**EXERCISE REQUIREMENTS**
When you reach the line that contains "10325 S Goshawk" in the data below, start reproducing lines exactly, and stop after the line that contains "810 Arthur Drive, Arlington, TX 76013".

**TASK MATERIAL**
Start of Block

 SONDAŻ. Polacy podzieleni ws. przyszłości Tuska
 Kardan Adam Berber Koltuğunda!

End of Block
Start of Block

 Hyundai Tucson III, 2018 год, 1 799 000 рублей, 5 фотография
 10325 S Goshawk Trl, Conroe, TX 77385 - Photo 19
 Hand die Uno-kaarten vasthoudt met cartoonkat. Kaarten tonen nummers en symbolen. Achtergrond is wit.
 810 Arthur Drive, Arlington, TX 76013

End of Block

**SOLUTION**
 10325 S Goshawk Trl, Conroe, TX 77385 - Photo 19
 Hand die Uno-kaarten vasthoudt met cartoonkat. Kaarten tonen nummers en symbolen. Achtergrond is wit.
 810 Arthur Drive, Arlington, TX 76013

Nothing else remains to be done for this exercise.